◆ **What the task asks**
Below are the records. Retype exactly the lines between the lines holding "El Poeta derrotó" and "Homme d'affaires clique", inclusive.

◆ **Available data**
-.-.-

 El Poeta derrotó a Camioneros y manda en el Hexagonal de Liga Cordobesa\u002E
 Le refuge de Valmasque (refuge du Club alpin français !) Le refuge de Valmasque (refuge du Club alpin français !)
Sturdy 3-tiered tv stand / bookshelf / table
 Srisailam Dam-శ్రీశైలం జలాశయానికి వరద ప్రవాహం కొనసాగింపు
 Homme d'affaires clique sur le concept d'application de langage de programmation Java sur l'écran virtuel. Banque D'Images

-.-.-

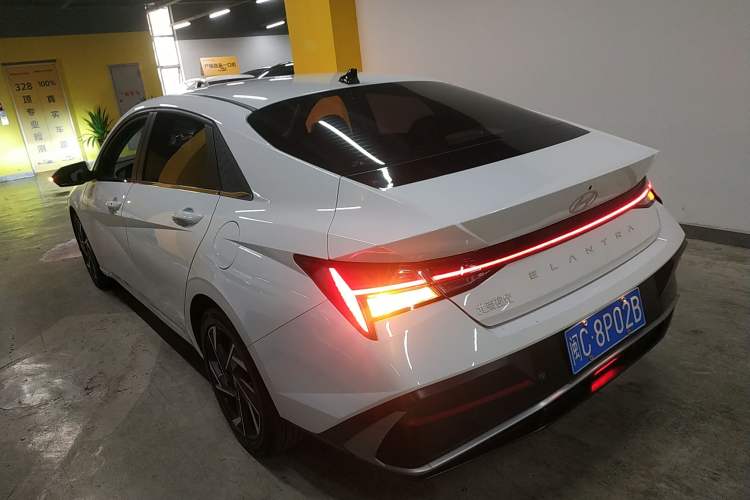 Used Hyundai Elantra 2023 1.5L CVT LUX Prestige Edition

-.-.-

◆ **Solution for this task**
 El Poeta derrotó a Camioneros y manda en el Hexagonal de Liga Cordobesa\u002E
 Le refuge de Valmasque (refuge du Club alpin français !) Le refuge de Valmasque (refuge du Club alpin français !)
Sturdy 3-tiered tv stand / bookshelf / table
 Srisailam Dam-శ్రీశైలం జలాశయానికి వరద ప్రవాహం కొనసాగింపు
 Homme d'affaires clique sur le concept d'application de langage de programmation Java sur l'écran virtuel. Banque D'Images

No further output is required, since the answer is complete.